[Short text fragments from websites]
◆ ◆ ◆ ◆ ◆

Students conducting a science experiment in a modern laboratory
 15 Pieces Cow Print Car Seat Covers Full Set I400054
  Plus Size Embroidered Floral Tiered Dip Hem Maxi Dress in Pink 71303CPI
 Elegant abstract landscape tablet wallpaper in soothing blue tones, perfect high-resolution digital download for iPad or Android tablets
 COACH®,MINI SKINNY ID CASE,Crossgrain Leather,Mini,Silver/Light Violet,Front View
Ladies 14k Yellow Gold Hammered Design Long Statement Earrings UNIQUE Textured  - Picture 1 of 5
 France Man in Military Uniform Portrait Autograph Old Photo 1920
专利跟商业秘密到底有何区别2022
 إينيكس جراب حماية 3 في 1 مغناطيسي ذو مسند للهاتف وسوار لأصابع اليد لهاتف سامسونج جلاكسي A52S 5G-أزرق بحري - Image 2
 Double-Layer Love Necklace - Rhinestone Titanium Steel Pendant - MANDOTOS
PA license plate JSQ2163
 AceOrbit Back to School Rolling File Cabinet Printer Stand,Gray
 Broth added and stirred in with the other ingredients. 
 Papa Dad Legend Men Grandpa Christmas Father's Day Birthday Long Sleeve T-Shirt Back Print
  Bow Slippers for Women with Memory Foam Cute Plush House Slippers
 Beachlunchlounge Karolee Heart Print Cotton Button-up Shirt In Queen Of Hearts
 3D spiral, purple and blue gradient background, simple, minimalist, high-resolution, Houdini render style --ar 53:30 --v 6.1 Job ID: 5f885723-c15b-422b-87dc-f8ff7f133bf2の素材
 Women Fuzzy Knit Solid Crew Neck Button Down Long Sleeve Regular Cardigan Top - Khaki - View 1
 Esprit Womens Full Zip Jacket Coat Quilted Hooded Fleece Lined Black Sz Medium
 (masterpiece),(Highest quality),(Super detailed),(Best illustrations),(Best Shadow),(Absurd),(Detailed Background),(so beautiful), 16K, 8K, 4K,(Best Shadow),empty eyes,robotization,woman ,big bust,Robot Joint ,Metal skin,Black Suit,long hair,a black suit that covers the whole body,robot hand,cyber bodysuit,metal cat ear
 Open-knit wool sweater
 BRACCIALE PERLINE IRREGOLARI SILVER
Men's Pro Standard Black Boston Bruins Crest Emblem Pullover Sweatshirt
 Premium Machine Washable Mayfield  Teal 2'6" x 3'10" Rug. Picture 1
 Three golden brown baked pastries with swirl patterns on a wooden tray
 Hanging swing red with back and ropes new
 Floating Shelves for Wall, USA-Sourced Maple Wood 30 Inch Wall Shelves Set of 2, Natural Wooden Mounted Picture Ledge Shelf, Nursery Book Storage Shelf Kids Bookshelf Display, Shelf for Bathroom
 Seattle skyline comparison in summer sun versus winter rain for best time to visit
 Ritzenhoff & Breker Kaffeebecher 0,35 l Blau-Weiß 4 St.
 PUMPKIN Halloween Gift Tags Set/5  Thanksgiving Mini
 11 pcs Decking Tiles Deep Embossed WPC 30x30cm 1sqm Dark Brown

◆ ◆ ◆ ◆ ◆

### What to work on
Please copy each line of the records above in which the word "Button" can be found.

### Task response
 Beachlunchlounge Karolee Heart Print Cotton Button-up Shirt In Queen Of Hearts
 Women Fuzzy Knit Solid Crew Neck Button Down Long Sleeve Regular Cardigan Top - Khaki - View 1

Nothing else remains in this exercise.